Segment Start: Excerpted records

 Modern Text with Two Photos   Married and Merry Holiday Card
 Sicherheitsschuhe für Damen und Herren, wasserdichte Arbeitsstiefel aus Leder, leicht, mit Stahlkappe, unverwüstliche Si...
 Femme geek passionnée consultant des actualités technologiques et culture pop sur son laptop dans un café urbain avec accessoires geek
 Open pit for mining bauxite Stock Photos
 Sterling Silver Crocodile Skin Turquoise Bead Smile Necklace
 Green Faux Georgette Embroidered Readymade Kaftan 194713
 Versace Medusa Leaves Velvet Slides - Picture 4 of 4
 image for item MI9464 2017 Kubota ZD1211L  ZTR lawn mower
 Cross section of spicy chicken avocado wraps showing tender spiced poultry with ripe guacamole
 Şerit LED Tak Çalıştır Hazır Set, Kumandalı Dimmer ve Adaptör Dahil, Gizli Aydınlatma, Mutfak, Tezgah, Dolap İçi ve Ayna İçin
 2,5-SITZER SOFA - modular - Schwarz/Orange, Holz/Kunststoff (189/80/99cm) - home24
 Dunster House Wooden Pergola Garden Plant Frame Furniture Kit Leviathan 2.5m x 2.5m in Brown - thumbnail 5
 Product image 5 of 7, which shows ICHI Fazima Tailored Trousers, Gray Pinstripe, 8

Segment End: Excerpted records

Work required:
The answer must be the complete listing, repeated exactly.

Response for this exercise:
 Modern Text with Two Photos   Married and Merry Holiday Card
 Sicherheitsschuhe für Damen und Herren, wasserdichte Arbeitsstiefel aus Leder, leicht, mit Stahlkappe, unverwüstliche Si...
 Femme geek passionnée consultant des actualités technologiques et culture pop sur son laptop dans un café urbain avec accessoires geek
 Open pit for mining bauxite Stock Photos
 Sterling Silver Crocodile Skin Turquoise Bead Smile Necklace
 Green Faux Georgette Embroidered Readymade Kaftan 194713
 Versace Medusa Leaves Velvet Slides - Picture 4 of 4
 image for item MI9464 2017 Kubota ZD1211L  ZTR lawn mower
 Cross section of spicy chicken avocado wraps showing tender spiced poultry with ripe guacamole
 Şerit LED Tak Çalıştır Hazır Set, Kumandalı Dimmer ve Adaptör Dahil, Gizli Aydınlatma, Mutfak, Tezgah, Dolap İçi ve Ayna İçin
 2,5-SITZER SOFA - modular - Schwarz/Orange, Holz/Kunststoff (189/80/99cm) - home24
 Dunster House Wooden Pergola Garden Plant Frame Furniture Kit Leviathan 2.5m x 2.5m in Brown - thumbnail 5
 Product image 5 of 7, which shows ICHI Fazima Tailored Trousers, Gray Pinstripe, 8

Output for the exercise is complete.